Content starts

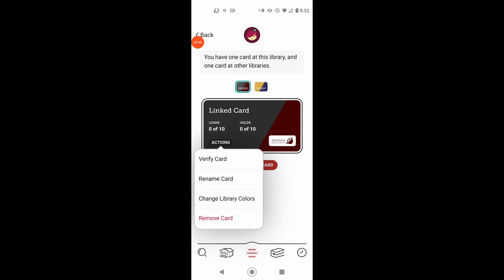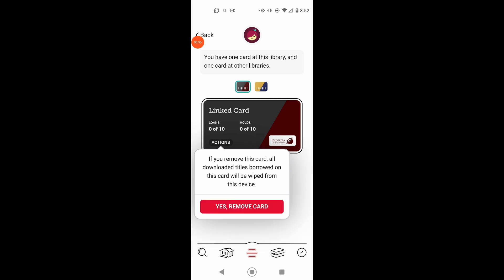And this gives me options: verify card, rename card, change library colors, or remove card. I want to remove the card.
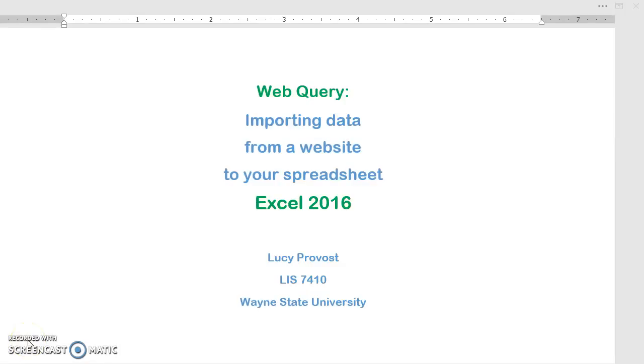Hello! This brief tutorial will teach you how to use a web query to import data from a website into an Excel spreadsheet.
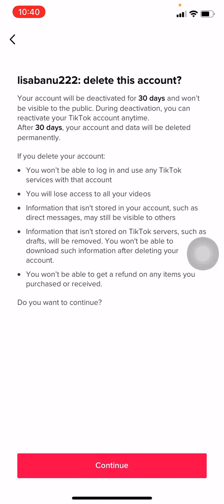TikTok is saying that your account will be deactivated for 30 days and won't be visible to the public. During deactivation, you can reactivate your TikTok account anytime. But after 30 days, your account and data will be deleted permanently. If you want to delete your account permanently, don't use TikTok for 30 days and it will be deleted permanently.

Content ends

Aim of the task:
Pictures excluded, repeat exactly the lines from the top of the material through the line with "Hello! This brief", including both of those lines.

Output below:
And this gives me options: verify card, rename card, change library colors, or remove card. I want to remove the card.
Hello! This brief tutorial will teach you how to use a web query to import data from a website into an Excel spreadsheet.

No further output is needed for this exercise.